Milestone Systems has introduced a new generative-AI plug-in for XProtect designed to help organisations interpret large volumes of video faster and more accurately. As video systems continue to produce increasing amounts of footage, operators often face the challenge of manually reviewing clips, validating alarms and compiling reports. The new plug-in is intended to automate much of that work, reducing response times and easing operator fatigue.
The plug-in uses AI to automatically create structured incident summaries from selected video clips, helping teams cut down the time spent preparing documentation. It also offers automated event validation, analysing motion events and confirming whether an alert warrants attention. By reducing false positives, the system aims to streamline monitoring workflows and improve operational efficiency. Bookmarked footage is also summarised using natural-language descriptions, allowing operators to skim context quickly without watching each clip in full.
The integration works directly with the XProtect rule engine and can be deployed on-premises or in the cloud, supporting a range of compliance and deployment requirements.

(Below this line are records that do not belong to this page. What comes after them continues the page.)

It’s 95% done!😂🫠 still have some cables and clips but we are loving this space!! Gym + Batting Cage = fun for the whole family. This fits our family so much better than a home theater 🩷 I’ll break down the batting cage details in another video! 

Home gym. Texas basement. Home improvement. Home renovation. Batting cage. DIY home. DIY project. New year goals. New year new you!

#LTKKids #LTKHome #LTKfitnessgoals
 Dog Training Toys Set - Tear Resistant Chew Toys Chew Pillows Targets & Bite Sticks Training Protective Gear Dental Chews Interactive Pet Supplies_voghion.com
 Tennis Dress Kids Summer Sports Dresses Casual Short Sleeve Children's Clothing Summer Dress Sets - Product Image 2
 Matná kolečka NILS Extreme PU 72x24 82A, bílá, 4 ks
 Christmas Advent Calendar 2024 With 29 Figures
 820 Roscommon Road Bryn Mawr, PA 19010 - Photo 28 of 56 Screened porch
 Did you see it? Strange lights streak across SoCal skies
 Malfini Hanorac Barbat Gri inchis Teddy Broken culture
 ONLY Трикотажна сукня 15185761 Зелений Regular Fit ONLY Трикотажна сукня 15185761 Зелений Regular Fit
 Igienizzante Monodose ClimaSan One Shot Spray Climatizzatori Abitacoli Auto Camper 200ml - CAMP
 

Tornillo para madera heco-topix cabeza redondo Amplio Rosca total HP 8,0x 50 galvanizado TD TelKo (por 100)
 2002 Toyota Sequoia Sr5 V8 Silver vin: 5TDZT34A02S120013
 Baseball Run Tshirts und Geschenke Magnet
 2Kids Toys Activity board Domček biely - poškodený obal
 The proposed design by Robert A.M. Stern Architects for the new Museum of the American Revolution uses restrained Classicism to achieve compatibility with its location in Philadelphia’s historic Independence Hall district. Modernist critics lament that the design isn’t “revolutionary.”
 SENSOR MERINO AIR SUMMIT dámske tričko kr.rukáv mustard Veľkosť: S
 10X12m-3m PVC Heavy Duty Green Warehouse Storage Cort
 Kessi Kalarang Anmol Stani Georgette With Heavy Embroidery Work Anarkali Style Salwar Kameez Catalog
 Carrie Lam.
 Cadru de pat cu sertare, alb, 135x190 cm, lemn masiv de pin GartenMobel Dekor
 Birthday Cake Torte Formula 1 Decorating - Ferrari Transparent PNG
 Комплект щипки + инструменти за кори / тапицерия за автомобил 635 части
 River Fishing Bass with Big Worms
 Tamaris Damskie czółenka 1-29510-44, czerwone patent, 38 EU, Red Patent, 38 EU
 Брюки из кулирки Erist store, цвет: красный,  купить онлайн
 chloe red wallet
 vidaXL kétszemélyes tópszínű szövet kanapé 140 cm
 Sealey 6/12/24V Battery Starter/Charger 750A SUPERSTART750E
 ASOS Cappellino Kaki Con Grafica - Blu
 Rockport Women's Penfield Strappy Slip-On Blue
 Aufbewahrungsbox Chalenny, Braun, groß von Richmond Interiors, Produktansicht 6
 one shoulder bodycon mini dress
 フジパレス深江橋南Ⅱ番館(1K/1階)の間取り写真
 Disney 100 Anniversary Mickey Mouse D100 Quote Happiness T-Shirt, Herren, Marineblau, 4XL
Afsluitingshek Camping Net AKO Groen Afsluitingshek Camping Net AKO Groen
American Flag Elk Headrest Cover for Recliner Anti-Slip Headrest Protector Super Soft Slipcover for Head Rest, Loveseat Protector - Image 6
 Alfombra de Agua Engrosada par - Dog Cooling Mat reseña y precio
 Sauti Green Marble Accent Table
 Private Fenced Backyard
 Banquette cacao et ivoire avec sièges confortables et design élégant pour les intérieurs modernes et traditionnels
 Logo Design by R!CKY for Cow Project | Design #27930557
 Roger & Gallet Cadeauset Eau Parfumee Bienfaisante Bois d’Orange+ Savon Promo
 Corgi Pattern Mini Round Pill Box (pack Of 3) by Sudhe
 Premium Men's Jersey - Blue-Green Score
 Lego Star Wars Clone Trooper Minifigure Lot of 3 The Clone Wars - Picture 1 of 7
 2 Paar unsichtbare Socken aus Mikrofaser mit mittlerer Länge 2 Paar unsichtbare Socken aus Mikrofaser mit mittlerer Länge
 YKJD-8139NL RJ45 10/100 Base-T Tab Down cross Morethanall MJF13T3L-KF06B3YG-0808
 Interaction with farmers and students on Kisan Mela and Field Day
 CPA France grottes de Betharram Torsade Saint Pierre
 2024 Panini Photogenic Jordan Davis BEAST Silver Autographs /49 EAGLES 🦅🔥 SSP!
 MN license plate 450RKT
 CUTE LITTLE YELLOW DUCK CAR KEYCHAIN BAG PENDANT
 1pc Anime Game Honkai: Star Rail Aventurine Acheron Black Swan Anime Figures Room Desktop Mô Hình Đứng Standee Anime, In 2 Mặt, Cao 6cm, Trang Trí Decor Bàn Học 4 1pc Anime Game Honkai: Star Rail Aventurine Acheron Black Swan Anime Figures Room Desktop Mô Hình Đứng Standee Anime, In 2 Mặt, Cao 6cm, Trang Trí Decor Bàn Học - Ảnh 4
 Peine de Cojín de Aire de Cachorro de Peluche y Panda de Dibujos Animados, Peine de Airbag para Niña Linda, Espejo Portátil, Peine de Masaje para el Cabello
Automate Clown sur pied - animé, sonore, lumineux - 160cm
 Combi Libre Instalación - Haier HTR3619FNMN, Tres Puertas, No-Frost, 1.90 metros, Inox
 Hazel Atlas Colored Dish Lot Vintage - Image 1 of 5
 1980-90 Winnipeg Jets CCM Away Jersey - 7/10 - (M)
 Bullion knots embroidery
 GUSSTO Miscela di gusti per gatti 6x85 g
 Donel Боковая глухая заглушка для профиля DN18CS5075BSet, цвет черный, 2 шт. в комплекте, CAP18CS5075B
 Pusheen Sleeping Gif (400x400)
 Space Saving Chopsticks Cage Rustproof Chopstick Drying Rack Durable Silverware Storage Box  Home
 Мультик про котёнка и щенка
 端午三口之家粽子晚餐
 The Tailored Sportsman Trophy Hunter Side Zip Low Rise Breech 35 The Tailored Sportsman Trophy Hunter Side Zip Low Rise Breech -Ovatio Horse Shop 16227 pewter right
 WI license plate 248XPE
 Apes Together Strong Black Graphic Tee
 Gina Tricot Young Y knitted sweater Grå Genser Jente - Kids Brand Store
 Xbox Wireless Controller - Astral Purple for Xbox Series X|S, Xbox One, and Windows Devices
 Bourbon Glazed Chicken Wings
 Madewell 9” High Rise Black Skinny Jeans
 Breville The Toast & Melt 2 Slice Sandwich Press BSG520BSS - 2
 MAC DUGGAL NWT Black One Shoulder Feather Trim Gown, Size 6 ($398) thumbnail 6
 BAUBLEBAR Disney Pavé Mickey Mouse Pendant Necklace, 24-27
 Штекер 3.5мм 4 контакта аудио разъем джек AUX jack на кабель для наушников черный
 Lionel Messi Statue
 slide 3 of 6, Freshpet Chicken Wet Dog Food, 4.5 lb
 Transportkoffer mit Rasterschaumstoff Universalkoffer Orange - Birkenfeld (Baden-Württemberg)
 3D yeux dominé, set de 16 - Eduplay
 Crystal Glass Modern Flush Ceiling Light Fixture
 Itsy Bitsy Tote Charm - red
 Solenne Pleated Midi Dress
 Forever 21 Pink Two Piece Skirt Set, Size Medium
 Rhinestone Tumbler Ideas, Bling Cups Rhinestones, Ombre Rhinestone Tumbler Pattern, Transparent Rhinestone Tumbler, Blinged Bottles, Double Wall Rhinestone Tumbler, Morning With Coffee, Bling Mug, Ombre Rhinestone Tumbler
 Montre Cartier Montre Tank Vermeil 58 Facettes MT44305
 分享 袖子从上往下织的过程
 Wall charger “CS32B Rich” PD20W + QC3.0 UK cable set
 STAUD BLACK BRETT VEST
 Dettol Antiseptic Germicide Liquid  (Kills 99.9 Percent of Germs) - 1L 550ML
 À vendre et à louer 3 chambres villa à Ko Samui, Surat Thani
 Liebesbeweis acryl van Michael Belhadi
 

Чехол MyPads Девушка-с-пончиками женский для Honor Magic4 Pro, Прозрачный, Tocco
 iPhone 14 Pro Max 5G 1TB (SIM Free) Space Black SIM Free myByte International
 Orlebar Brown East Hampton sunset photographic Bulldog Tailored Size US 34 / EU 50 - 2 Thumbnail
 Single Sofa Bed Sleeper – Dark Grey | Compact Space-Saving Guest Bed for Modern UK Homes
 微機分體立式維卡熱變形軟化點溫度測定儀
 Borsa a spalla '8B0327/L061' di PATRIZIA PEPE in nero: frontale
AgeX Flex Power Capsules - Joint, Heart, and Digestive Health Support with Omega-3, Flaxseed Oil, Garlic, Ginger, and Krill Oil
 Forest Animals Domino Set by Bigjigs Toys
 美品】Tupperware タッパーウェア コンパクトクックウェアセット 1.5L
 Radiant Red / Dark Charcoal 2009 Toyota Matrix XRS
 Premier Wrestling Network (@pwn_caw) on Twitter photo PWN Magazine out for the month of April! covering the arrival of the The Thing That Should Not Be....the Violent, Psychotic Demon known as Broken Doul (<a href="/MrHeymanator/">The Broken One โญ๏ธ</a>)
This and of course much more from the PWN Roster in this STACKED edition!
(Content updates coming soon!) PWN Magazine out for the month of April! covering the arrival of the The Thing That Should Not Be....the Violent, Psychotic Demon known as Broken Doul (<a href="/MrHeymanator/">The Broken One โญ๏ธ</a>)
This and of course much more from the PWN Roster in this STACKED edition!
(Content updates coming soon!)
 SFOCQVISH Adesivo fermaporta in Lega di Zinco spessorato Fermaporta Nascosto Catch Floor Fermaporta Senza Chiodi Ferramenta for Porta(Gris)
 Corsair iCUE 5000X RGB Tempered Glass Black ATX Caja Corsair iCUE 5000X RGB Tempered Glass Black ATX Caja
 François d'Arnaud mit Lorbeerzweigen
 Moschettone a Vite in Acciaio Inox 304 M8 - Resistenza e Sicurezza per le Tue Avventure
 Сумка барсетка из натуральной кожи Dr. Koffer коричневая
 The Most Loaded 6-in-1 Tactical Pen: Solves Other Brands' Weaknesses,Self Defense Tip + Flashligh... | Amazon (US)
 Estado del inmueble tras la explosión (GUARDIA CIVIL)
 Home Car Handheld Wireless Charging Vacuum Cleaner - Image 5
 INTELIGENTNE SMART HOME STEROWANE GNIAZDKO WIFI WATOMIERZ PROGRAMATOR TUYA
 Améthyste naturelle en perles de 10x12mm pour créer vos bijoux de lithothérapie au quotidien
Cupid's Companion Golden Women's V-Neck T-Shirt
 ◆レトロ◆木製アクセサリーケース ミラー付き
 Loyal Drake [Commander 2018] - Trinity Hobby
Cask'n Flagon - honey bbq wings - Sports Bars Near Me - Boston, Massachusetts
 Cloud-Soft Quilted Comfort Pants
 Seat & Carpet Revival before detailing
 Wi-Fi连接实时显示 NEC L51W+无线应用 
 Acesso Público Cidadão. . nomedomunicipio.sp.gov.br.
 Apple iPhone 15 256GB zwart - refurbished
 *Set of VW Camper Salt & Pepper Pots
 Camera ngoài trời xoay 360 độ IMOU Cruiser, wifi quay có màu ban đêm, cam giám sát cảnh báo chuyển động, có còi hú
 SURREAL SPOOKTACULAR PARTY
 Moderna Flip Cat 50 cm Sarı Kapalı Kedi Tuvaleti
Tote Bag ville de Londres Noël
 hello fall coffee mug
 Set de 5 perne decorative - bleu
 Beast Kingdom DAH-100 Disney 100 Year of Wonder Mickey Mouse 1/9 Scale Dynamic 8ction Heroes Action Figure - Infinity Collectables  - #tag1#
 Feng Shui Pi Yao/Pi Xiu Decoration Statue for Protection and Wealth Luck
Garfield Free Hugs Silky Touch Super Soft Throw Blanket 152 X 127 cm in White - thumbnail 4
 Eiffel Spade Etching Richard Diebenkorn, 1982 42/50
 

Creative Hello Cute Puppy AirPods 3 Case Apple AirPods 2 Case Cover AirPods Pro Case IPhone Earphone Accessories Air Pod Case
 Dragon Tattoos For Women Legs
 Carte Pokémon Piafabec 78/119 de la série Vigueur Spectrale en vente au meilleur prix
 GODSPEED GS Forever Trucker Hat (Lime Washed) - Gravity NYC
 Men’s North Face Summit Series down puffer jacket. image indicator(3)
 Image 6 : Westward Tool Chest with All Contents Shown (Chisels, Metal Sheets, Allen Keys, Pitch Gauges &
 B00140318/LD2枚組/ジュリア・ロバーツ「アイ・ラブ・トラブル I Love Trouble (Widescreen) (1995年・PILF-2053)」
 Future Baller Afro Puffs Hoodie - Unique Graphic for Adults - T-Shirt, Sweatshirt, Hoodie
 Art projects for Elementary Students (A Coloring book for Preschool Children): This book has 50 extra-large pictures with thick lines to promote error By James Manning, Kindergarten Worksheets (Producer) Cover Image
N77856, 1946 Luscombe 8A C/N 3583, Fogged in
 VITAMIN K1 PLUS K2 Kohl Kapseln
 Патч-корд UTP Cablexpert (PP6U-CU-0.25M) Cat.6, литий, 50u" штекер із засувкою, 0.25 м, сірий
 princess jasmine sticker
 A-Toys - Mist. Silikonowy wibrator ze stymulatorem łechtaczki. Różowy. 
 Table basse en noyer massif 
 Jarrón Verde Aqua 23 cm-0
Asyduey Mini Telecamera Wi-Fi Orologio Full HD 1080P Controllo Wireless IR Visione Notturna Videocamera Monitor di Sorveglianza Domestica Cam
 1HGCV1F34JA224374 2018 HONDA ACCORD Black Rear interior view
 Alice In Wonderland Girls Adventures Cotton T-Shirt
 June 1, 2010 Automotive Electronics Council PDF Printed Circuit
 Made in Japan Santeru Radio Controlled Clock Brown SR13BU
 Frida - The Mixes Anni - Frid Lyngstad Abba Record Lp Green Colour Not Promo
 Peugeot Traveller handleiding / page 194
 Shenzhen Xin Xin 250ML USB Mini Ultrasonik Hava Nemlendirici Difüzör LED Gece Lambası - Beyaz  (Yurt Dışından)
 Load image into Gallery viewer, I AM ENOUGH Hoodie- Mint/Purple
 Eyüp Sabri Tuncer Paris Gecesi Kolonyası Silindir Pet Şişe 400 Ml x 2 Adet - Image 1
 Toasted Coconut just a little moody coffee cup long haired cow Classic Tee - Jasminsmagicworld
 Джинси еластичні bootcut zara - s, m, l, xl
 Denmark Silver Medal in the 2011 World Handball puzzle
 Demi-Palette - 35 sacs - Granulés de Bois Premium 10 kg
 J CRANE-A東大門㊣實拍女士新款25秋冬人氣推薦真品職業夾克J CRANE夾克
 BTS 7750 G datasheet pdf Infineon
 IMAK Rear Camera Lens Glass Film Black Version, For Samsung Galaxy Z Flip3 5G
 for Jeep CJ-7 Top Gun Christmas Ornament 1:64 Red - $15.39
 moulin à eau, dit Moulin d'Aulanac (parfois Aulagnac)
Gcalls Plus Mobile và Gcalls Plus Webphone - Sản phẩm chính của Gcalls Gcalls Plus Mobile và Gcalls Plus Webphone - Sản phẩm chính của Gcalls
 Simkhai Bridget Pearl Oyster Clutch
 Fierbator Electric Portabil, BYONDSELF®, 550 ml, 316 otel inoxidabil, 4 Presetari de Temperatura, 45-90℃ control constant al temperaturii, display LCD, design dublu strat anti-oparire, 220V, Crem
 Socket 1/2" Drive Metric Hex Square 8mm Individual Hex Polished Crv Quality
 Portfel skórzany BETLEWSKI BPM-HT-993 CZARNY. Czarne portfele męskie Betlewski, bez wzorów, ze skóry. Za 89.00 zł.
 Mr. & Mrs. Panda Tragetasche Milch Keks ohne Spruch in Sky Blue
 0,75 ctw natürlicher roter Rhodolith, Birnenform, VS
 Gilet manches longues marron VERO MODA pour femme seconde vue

Milestone built the solution on its Hafnia Vision Language Model, trained on 75,000 hours of ethically sourced video from Europe or the United States. It uses NVIDIA Cosmos Curator for data preparation and the NVIDIA Cosmos Reason VLM for inference, forming the foundation of what the company describes as one of the industry’s most advanced and compliance-focused video AI platforms.
Thomas Jensen, CEO of Milestone Systems, said the new capabilities will help cities and organisations working with traffic and surveillance systems to achieve greater efficiency and insight. He noted that partners will also be able to extend the platform with their own solutions now that AI capabilities are embedded within XProtect.
Early adopters, including the cities of Genoa in Italy and Dubuque in Iowa, are preparing to deploy the system to enhance traffic management.
Milestone is also launching a Vision Language Model as a Service, accessible through APIs. This will allow developers and integrators to build their own generative-AI video solutions independent of the underlying video management platform, broadening the potential applications across the wider surveillance ecosystem.